GILA !!

[PORTAL-ISLAM.ID] Mantan anggota Kepolisian Resor (Polres) Kupang, Inspektur Dua Rudy Soik, menyatakan mafia penimbun bahan bakar minyak (BBM) di Kupang, Nusa Tenggara Timur, bisa mendapatkan keuntungan Rp 112 juta dalam satu kali transaksi. 

Rudy menyatakan para mafia itu biasanya mengambil solar dengan truk tangki bermuatan 5 ton atau 5 ribu liter per sekali transaksi. Dalam satu hari, mereka bisa menjual 10 ribu liter atau dua truk ke pembeli.

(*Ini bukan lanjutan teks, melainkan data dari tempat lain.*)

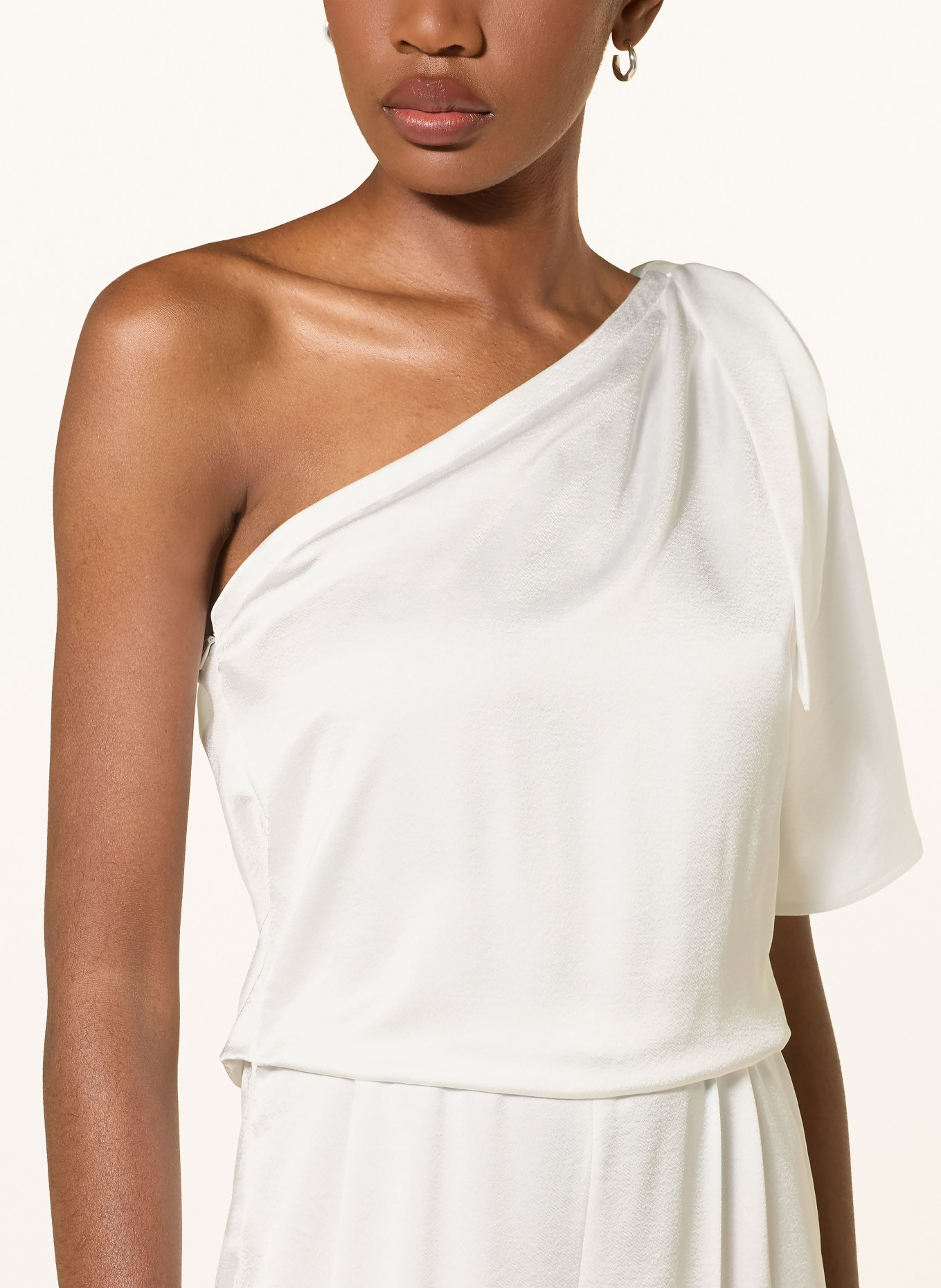 RIANI One-shoulder satin jumpsuit: WHITE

"Jadi 5 ton itu mereka dapat untung 56 juta," ucap Rudy kepada Tempo pada Jumat, 25 Oktober 2024.

Keuntungan itu, menurut Rudy, berasal dari selisih harga beli dan harga jual. 

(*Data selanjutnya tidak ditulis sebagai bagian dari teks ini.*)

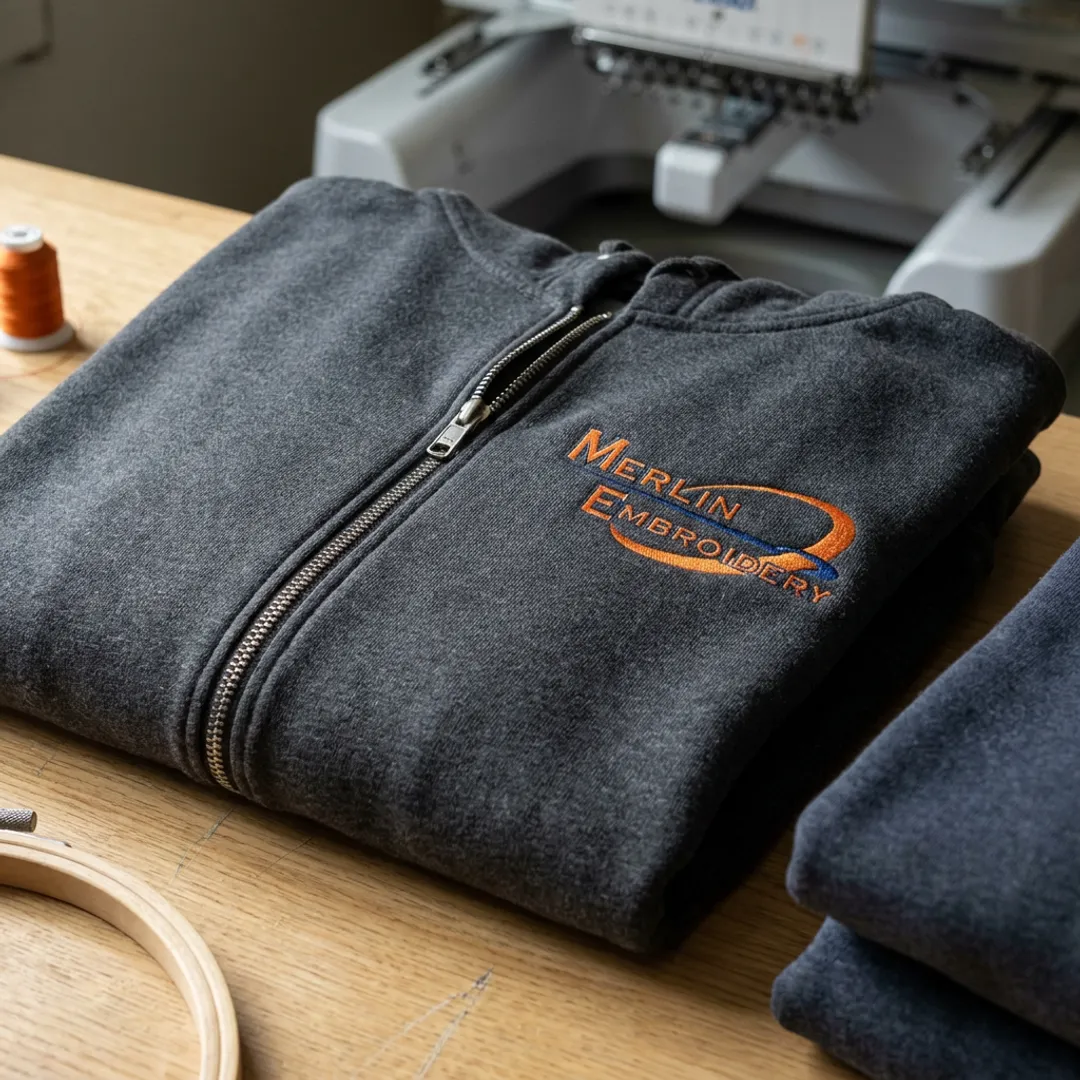 Embroidered full zip hoodie with company logo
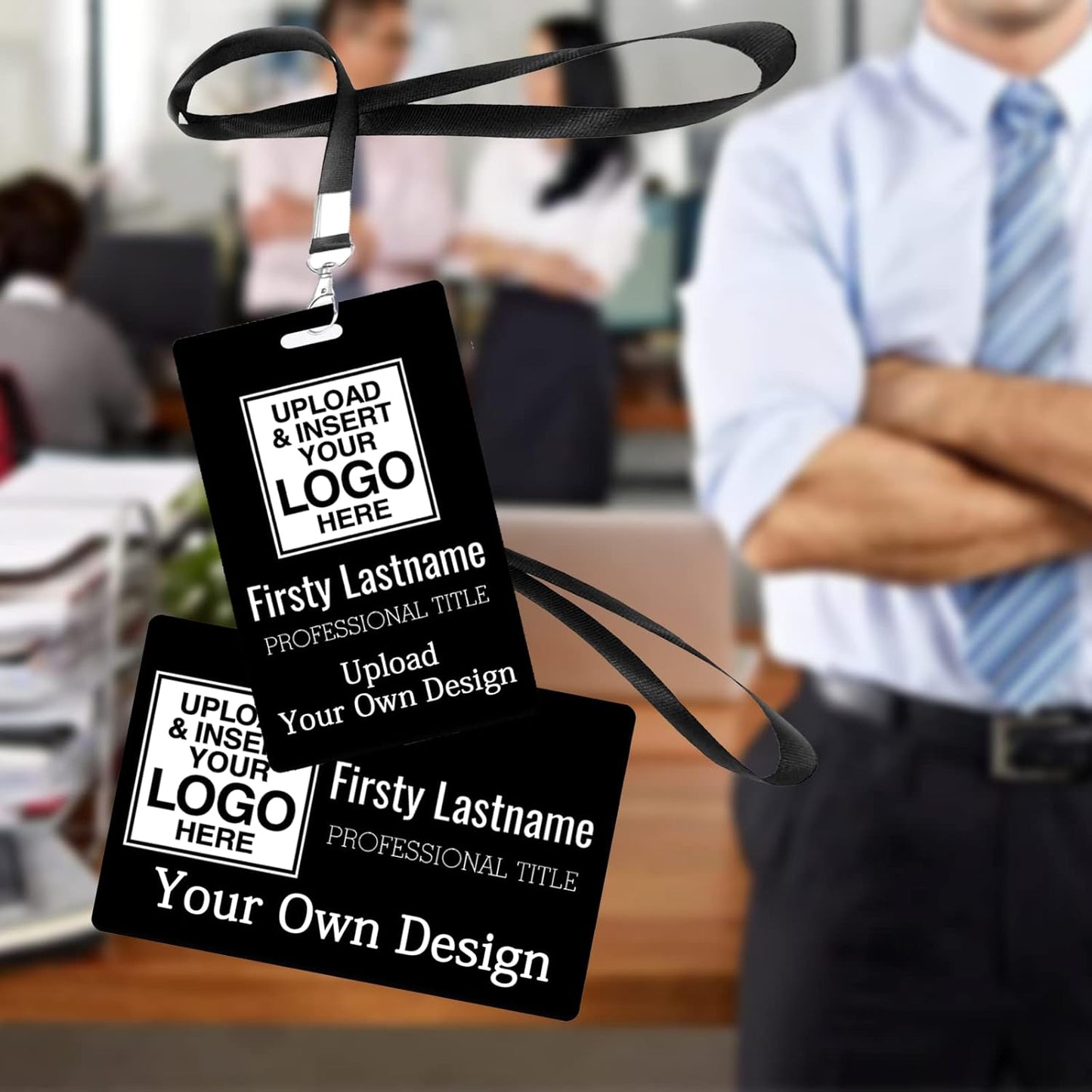 Custom Id Badge, Personalized Employee Photo Identification Card with Lanyard, Durable ID Card for Office Worker Doctor Nurse Student-Vertical-Template6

Para mafia membeli solar bersubsidi di Stasiun Pengisian Bahan Bakar Umum (SPBU) Pertamina dengan harga Rp 6.800 per liter dan menjualnya dengan harga Rp 18.000 - Rp 20.000 per liter.

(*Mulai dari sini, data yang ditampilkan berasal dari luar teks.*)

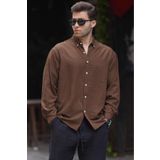 Madmext Kahverengi Uzun Kollu Oversize Erkek Gömlek 6735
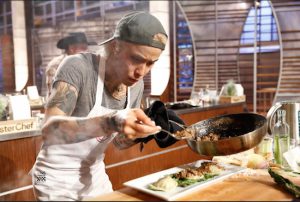 Dino puts the finishing touches on his dish. His culinary skill has brought him to the three-person season finale, airing Wednesday night on FOX. Photos courtesy of FOX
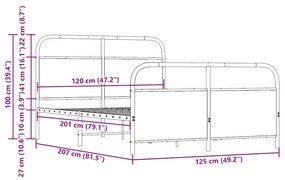 Πλαίσιο Κρεβατιού Χωρ. Στρώμα Καφέ Δρυς 120x200εκ. Επ. Ξύλο - Καφέ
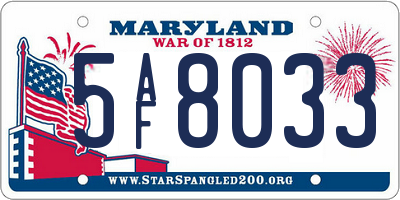 MD license plate 5AF8033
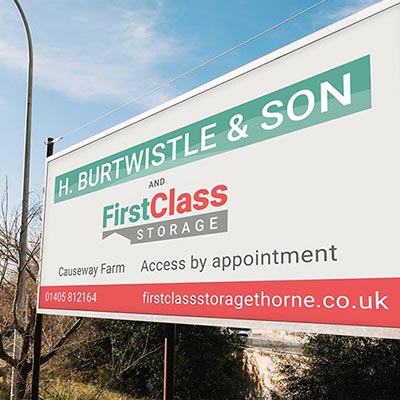 H burtwistle & Son First Class Storage sign signage design by WILD Agency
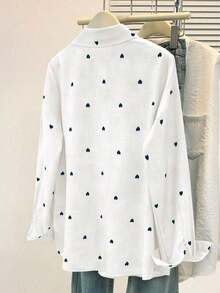 Camisa polo de manga larga con bolsillo y estampado de corazón de unicolor básico casual para mujer, adecuada para uso diario en , verano y otoño - Blanco - Ver 8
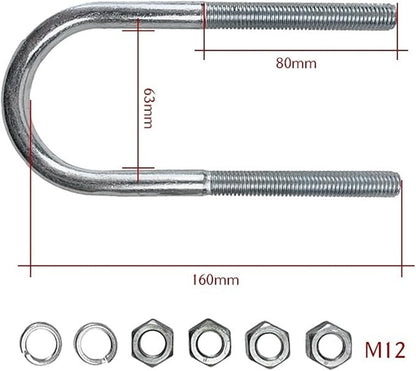 2PCS High Tensile Zinc Plated Axle U Bolt 60mm Round M12 Leaf Spring Clamp Trailer Truck Parts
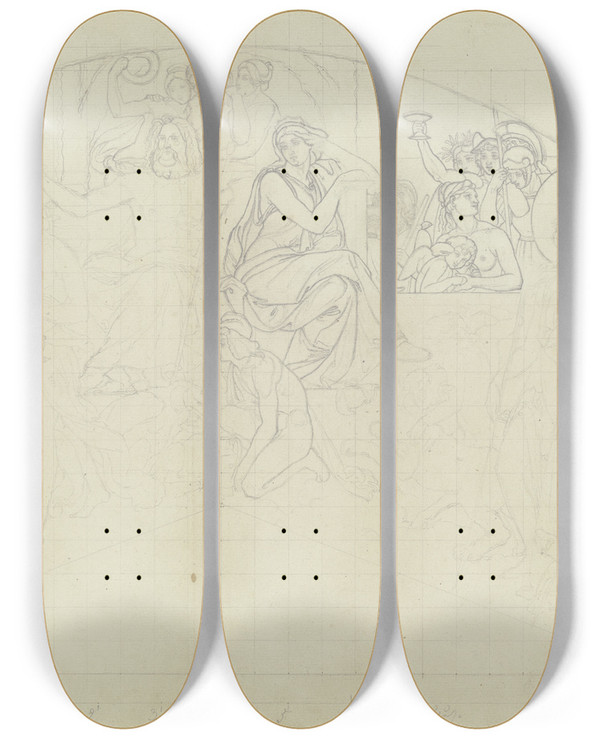 Triptych art skateboard deck of Eugen Eduard Schffer The Olympus by Eugen Eduard Schaffer (1802-1871)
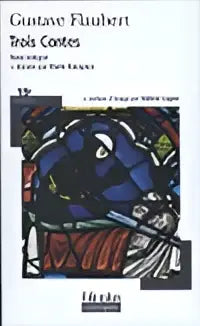 Boekcover van grosse flaubert trois contes met donkerblauwe klassieke figuren illustratie op gestructureerde achtergrond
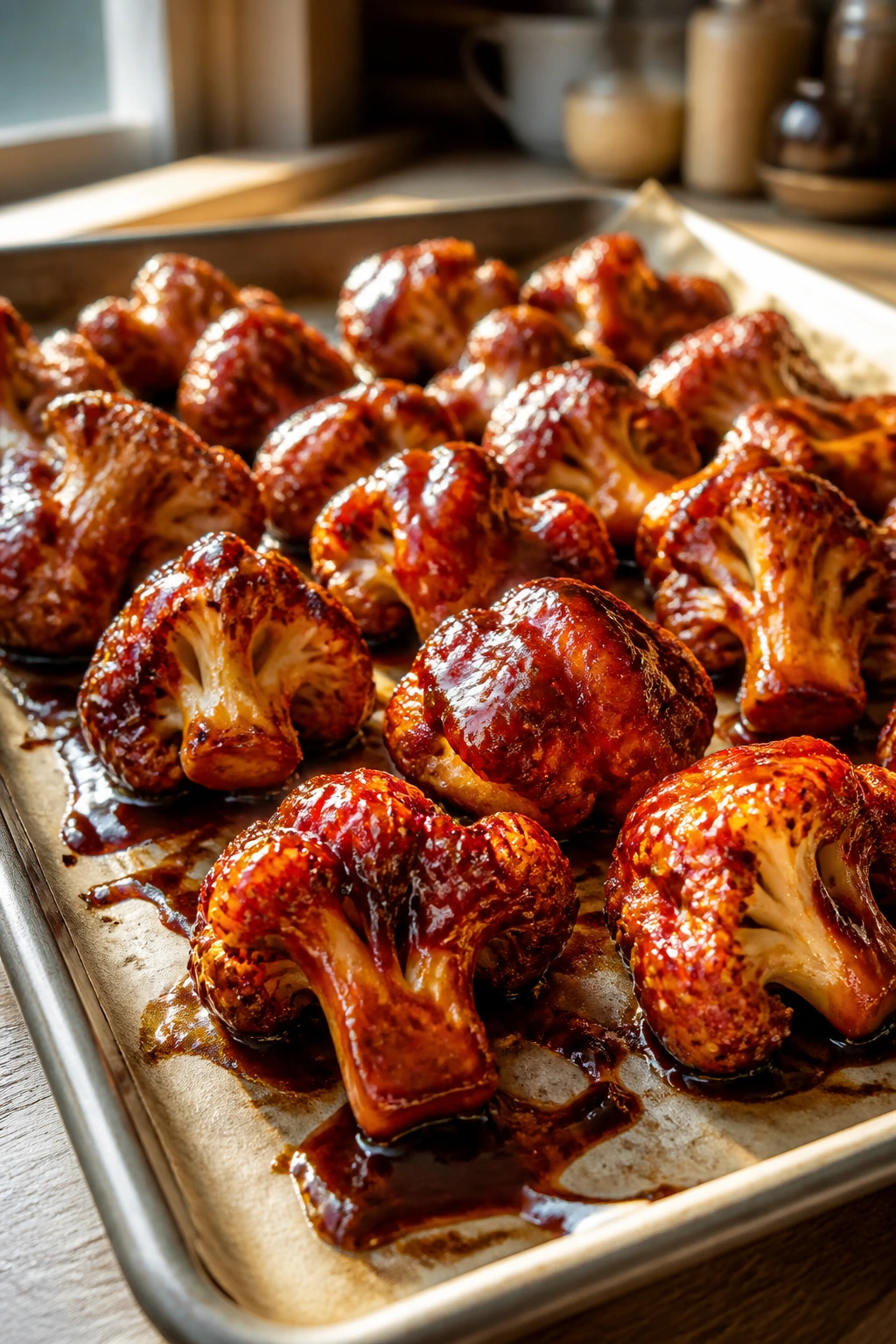 Cauliflower wings in chipotle peach BBQ glaze on parchment tray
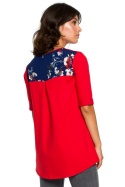 Bluzka damska z krótkim rekawem i kieszonką czerwona B095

Rudy menyatakan, penimbun minyak ini mengambil jatah minyak bersubsidi dengan menggunakan barcode atau kode batang resmi yang dikeluarkan oleh Pertamina. Namun, barcode tersebut bukan atas nama mereka. 

"Ada empat barcode yang kami sita," kata Rudy kepada Tempo pada Jumat, 25 Oktober 2024.

Dari empat barcode itu, menurut Rudy, dua diantaranya memperbolehkan si pemilik mengambil solar bersubsidi sebanyak 4 ribu liter per hari. Sementara dua lainnya memiliki kuota 4 ribu liter solar bersubsidi dalam 30 hari atau sebulan. 

Rudy menyatakan barcode yang mereka sita milik seorang pengusaha perikanan asal Cilacap, Jawa Tengah. 

Kode batang itu seharusnya tak boleh dipindahtangankan dan hanya boleh digunakan untuk kapal penangkap ikan milik si pengusaha. 

Ia menuturkan, para mafia itu menjual solar bersubsidi itu ke sejumlah pelaku industri dan ke perbatasan. Dalam satu hari, menurut penyelidikan dia, para pelaku bisa mengirim 10 ribu liter ke pembeli. Artinya, keuntungan para pelaku bisa mencapai Rp 112 juta per hari.

Dugaan mafia atau penimbunan minyak ini Rudy ungkap setelah mendapatkan informasi dari para nelayan adanya kelangkaan minyak. 

Namun, katanya, penyelidikan ini harus berhenti usai dia mendapat sanksi pemberhentian tidak dengan hormat (PTDH) oleh Komisi Kode Etik Polisi (KKEP) Polda NTT pada 11 Oktober lalu. 

Rudy disidang karena melanggar kode etik saat memasang garis polisi atau police line di tempat penampungan minyak milik dua anggota jaringan penampungan solar bersubsidi ilegal berinisial AA dan AG.  

Rudy menyatakan AA merupakan residivis kasus yang sama. AA, kata Rudy, pernah dua kali tertangkap karena penimbunan dan penjualan BBM bersubsidi ilegal. AA juga pernah ditangkap pada tahun 2022 ketika dia membawa BBM bersubsidi ilegal sebanyak 6 ton atau 6 ribu liter.  

"Jadi, itu dia punya riwayat. Itu membawa dia masuk penjara tahun 2022, dia keluar tahun 2023," ucapnya.

Setelah keluar penjara, menurut Rudy, AA kembali mengulangi perbuatannya. Polresta Kupang pun sempat kembali menangkapnya. 

"Dia pernah ditangkap terkait pengiriman minyak ke Timor-Leste. Jadi, itu ditetapkan sebagai tersangka. Tahun 2023. Tapi di peradilan Polresta Kupang kalah," ucap Rudy.

Rudy Soik pun mengaku bisa memastikan AA bukan nelayan ataupun pemilik kapal yang berhak untuk memperoleh solar bersubsidi dalam jumlah sebesar itu. 

Dia pun mencurigai AA dan AG merupakan bagian dari jaringan besar mafia bahan bakar minyak (BBM) bersubsidi. 

"Ini yang saya bilang mafia, yang polanya menggunakan nama orang lain dengan kapasitas minyak yang besar. Karena si pengusaha asal Cilacap ini punya 11 kapal," ucap Rudy.